Evolved Policy Gradients

We're releasing an experimental metalearning approach called Evolved Policy Gradients, a method that evolves the loss function of learning agents, which can enable fast training on novel tasks. Agents trained with EPG can succeed at basic tasks at test time that were outside their training regime, like learning to navigate to an object on a different side of the room from where it was placed during training.

Read PaperView Code

EPG trains agents to have a prior notion of what constitutes making progress on a novel task. Rather than encoding prior knowledge through a learned policy network, EPG encodes it as a learned loss function[1]. Agents are then able to use this loss function, defined as a temporal-convolutional neural network, to learn quickly on a novel task. We've shown that EPG can generalize to out of distribution test time tasks, exhibiting behavior qualitatively different from other popular metalearning algorithms. In tests, we've also found that EPG can train agents faster than PPO, an off-the-shelf policy gradient method.

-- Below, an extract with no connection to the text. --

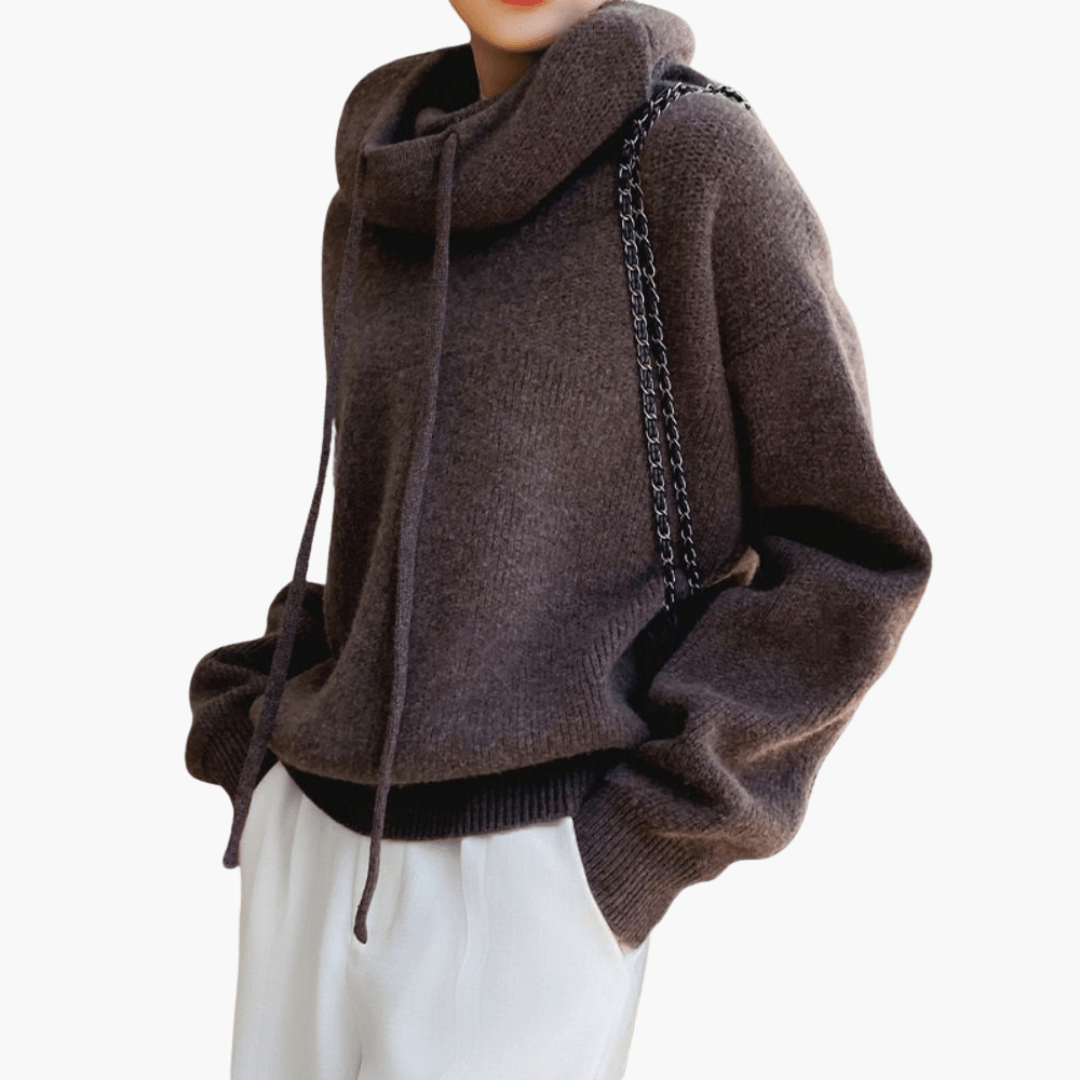 Cozy Women's Hooded Sweatshirt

EPG is related to previous work on evolving reward functions for RL agents, but generalizes this idea to evolving a complete loss function, which means that the loss function has to effectively learn an RL algorithm internally.[2]

The above video demonstrates how our method (left) teaches a robot how to reach various targets without resetting the environment, in comparison with PPO (right). Top-left text specifies the number of seconds elapsed. Note that this video demonstrates the complete learning process in real-time.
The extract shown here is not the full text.